(Material provided)
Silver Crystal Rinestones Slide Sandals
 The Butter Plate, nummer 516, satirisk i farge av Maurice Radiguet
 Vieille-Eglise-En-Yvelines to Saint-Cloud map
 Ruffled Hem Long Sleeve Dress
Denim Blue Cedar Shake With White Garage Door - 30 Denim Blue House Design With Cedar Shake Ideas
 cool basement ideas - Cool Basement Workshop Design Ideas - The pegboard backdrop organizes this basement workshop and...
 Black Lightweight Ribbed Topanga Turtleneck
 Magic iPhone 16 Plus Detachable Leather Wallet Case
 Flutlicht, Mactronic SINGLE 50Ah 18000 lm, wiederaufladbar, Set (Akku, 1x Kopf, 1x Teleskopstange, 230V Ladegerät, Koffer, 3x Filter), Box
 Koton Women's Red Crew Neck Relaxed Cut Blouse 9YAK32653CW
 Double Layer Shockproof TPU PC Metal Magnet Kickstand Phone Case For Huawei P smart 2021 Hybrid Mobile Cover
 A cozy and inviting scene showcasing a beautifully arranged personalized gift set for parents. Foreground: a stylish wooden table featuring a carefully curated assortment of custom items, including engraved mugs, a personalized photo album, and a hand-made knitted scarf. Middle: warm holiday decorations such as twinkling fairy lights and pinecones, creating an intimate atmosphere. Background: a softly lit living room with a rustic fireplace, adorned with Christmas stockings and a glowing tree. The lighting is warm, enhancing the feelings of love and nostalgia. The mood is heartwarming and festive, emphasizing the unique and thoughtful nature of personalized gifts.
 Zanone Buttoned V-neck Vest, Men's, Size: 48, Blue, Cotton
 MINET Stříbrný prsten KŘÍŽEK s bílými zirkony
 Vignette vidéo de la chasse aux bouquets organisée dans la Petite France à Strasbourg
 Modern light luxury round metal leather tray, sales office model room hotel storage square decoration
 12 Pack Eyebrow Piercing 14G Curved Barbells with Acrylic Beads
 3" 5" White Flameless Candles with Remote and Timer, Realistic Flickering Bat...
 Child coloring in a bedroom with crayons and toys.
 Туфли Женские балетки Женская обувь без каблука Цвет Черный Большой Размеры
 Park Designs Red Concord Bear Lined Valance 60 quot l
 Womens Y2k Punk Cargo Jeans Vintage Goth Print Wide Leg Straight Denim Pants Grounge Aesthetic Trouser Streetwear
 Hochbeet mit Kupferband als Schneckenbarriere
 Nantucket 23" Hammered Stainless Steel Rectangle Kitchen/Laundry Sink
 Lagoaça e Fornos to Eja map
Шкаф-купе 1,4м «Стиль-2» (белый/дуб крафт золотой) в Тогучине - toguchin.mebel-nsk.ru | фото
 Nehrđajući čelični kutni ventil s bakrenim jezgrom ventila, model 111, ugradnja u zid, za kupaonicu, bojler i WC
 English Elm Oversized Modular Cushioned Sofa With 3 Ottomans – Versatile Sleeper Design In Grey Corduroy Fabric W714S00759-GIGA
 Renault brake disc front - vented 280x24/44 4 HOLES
(End Material provided)
» Exercise details: In the entries above, find the line holding "Womens Y2k Punk" and the line holding "English Elm Oversized"; print both of them and every line between, exactly, and nothing else.

» Exercise answer:
 Womens Y2k Punk Cargo Jeans Vintage Goth Print Wide Leg Straight Denim Pants Grounge Aesthetic Trouser Streetwear
 Hochbeet mit Kupferband als Schneckenbarriere
 Nantucket 23" Hammered Stainless Steel Rectangle Kitchen/Laundry Sink
 Lagoaça e Fornos to Eja map
Шкаф-купе 1,4м «Стиль-2» (белый/дуб крафт золотой) в Тогучине - toguchin.mebel-nsk.ru | фото
 Nehrđajući čelični kutni ventil s bakrenim jezgrom ventila, model 111, ugradnja u zid, za kupaonicu, bojler i WC
 English Elm Oversized Modular Cushioned Sofa With 3 Ottomans – Versatile Sleeper Design In Grey Corduroy Fabric W714S00759-GIGA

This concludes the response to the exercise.